The Court is well aware that in points 115 and 116 of the Privacy Shield decision, the Commission found that as a result of the existence of the mediation mechanism established by the US authorities – as described in the letter sent on 7 July 2016 by the US Secretary of State to the European Commissioner for Justice, Consumers and Gender Equality, contained in Annex III of that decision – and the nature of the mission entrusted to the Ombudsman. , that is, the ‘First Coordinator of International Diplomacy for Information Technology’, the United States could ensure a level of protection substantially equivalent to that guaranteed in Article 47 of the Charter. However, from the examination of the letter above, it is clear that the Privacy Shield Ombudsman, although described as “independent of the US intelligence community”, “reports directly to the Secretary of State, who ensures that he does his function objectively and without undue interference that could affect the response made.”
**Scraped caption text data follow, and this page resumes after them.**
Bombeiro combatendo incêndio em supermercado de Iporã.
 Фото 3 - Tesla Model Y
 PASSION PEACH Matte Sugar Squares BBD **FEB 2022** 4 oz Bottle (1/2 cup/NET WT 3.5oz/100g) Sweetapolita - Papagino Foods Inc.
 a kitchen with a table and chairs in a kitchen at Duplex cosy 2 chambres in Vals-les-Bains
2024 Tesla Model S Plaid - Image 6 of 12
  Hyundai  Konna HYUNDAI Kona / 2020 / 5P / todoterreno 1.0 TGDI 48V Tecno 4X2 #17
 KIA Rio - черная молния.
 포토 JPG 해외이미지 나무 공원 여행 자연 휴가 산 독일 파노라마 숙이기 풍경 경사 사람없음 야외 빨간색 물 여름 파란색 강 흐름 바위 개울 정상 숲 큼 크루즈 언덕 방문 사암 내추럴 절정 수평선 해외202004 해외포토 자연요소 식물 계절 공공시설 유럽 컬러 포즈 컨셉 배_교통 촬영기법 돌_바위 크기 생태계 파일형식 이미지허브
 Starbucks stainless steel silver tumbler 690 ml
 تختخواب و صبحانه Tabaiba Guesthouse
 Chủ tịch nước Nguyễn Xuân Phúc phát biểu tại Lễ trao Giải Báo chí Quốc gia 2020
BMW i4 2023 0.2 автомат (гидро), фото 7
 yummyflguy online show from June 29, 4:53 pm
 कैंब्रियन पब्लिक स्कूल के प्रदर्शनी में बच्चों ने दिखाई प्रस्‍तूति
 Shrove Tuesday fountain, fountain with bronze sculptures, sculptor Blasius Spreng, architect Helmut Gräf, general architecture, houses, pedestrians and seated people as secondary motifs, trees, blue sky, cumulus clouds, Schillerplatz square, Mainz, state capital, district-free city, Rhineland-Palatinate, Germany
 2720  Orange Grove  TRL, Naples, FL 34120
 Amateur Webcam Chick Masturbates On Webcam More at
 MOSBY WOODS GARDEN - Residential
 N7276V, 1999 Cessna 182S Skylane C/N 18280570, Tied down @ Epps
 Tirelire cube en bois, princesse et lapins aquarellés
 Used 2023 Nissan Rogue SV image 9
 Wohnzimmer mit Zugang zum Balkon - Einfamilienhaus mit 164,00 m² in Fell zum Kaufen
This Ombudsman is appointed by the Secretary of State and is an integral part of the United States State Department: there is no indication that his dismissal or annulment of his appointment is accompanied by special guarantees. All this seems to show that the Ombudsman’s independence from the executive power is far from assured and that the internal mediation mechanism of the Privacy Shield does not provide means of recourse before a body that is sufficient to provide persons with guarantees equivalent to those required by Article 47 of the Charter.

It is for these reasons that the Commission has disregarded the requirements of Article 45, paragraph 1 of the Regulation, which was read in the light of Articles 7, 8 and 47 of the Charter, stating that Article 1 of the ‘Privacy Shield’ decision is incompatible with Article 45, paragraph 1, which is read in the light of Articles 7, 8 and 47 of the Charter, and that it is for that reason invalid.

Moreover, “since Article 1 of the ‘Privacy Shield’ decision is inseparable from articles 2 to 6, as well as its attachments, its disability has the effect of affecting the validity of that decision as a whole.”

In short, according to the Court, the “Privacy Shield” enshrines the primacy of the requirements related to national security, the public interest and compliance with US law, thus making possible interference in the fundamental rights of people whose data is transferred to that third country.

One last notation cannot fail to relate to paragraph 202 of the judgment, where the Court seems to be concerned about the legal loophole that the ruling immediately inaugurates and opens, and then basically… deny it. The Court argues in money that, in view of Article 49 of the Regulation, the annulment of the Privacy Shield would not be suitable to create such a legal loophole, since art. 49 establishes, precisely, under what conditions personal data transfers may take place to third countries in the absence of a decision on adequacy ex 45.3 or appropriate guarantees ex art. 46 of the Rules.

Now, reserving ourselves to sift through the possible remedies to what is (and remains, with good peace of the Court of Justice) a dramatic chasm, do we really think that we can bridge/overcome it with the lifesaver of the insegas? After all, what is the physiological limit of the use of exemptions? And how can we reconcile it with the likely characteristics/types of the vast majority of personal data treatments involved in transfers to companies already members of the Shield?

Now the hunt for interim solutions will open up and the fear is that – until new decisions of adequacy that, however, are far from coming – millions of companies/operators risk being stuffed into a pitiful cul de sac.